The Fundamentals of Distribution Plots
As a data science fresher, it can be tricky to identify the best plot type for a given dataset and scenario. To help we’ve put together a few handy articles explaining what each type of data visualization can be used for. Here are some other articles that you might find useful:
Distribution Plots are useful tools that can help you visualize data, and can give insight into the different ways your data has been distributed. Some of the different types of distribution plots are histograms, box plots, density plots and violin plots, which one to choose will depend on your data and required outcomes.
For a single variable, a histogram is effective. For multiple variables, you can either use a box plot or a violin plot. The violin plot visualizes the densities of your variables, whereas the box plot just visualizes the median, the interquartile range, and the range for each variable.
First, we will take a deeper look into a histogram and understand the features, uses, and best practices of the violin plot.
What is a Histogram and what is it used for?
A histogram visualizes the distribution of a single numerical variable. Each bar represents the frequency for a certain interval. Histograms help get an estimate of statistical measures. You see where values are concentrated, and you can easily detect outliers.
You can either plot a histogram with absolute frequency values or, alternatively, normalize your histogram. If you want to compare distributions of multiple variables, you can use different colors for the bars.
Histograms are primarily used into gaining insights into understanding the underlying distribution of a dataset. The following diagram shows the distribution of the Intelligence Quotient (IQ) for a test group.
The dashed lines represent the standard deviation on each side of the mean (the solid line):
The above figure shows the distribution of IQ for a test group of hundred adults.
One of the best design practices is to try different numbers of bins like data intervals since the main shape of the histogram varies quite significantly.
What is a Density Plot and what is it used for?
A density plot shows the distribution of a numerical variable. It is a variation of a histogram that uses kernel smoothing, allowing for smoother distributions. One advantage these have over histograms is that density plots are better at determining the distribution shape since the distribution shape for histograms heavily depends on the number of bins (data intervals).
The density plot is primarily used for comparing the distribution of several variables by plotting the density on the same axis and using different colors. The following diagram shows a density plot for multiple variables such as height and density.
The above figure shows a density plot between Density and Height
The above figure shows a basic multi-density plot
What is a Box plot and what is it used for?

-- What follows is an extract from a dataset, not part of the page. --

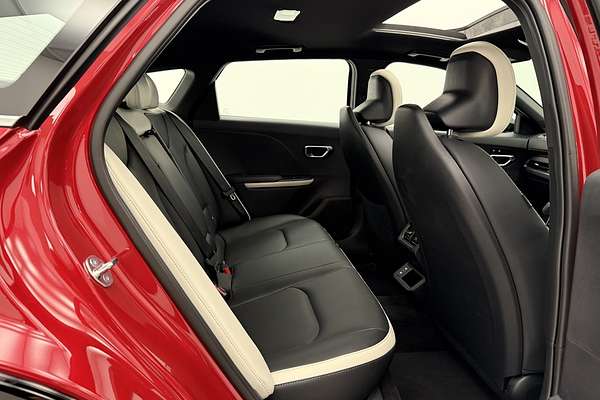 2024 Kia K4 GT-Line CL4m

A box plot shows multiple statistical measurements and extends from the lower to the upper quartile values of the data, thus allowing us to visualize the interquartile range (IQR). The horizontal line within the box denotes the median.
The parallel extending lines from the boxes are called whiskers; they indicate the variability outside the lower and upper quartiles. There is also an option to show data outliers, usually as circles or diamonds, past the end of the whiskers.
Box plots are primarily used in comparing statistical measures for multiple variables or groups. Here is the following diagram that shows a basic box plot that shows the height of a group of people:
The above figure showcases a box plot for a single variable
The following diagram shows a basic box plot for multiple variables. In this case, it shows heights for two different groups – adults and non-adults:
The above figure showcases a box plot for multiple variables.
What is a Violin Plot and what is it used for?
Violin plots are a combination of box plots and density plots. Both the statistical measures and the distribution are visualized. The thick black bar in the center represents the interquartile range, while the thin black line corresponds to the whiskers in a box plot. The white dot indicates the median. On both sides of the centerline, the density is visualized.
The violin plots are used in comparing statistical measures and the density for multiple variables or groups. The following diagram shows a violin plot for a single variable and shows how students have performed in Math:
The above figure showcases a violin plot for a single variable (Math)
From the preceding diagram, we can analyze that most of the students have scored around 40-60 on the Math test. The following diagram shows a violin plot for two variables and shows the performance of students in English and Math:
The above figure showcases the violin plot for multiple variables (English and Math)
From the preceding diagram, we can say that on average, the students scored more in English than in Math, but the highest score was secured in Math.
The following diagram shows a violin plot for a single variable divided into three groups, and shows the performance of three divisions of students in English based on their scores:
The above figure showcases the violin plot with multiple categories for three groups of students
From the preceding diagram, we can note that on average, division C has scored the highest, division B has scored the lowest, and division A is, on average, in between divisions B and C. The best design practices for violin plots are to scale the axes accordingly so that the distribution is clearly visible and not flat.
Conclusion:
Histograms, violin plots, density plots, and box plots are the different types of distribution plots that can be used in visualizing data effectively.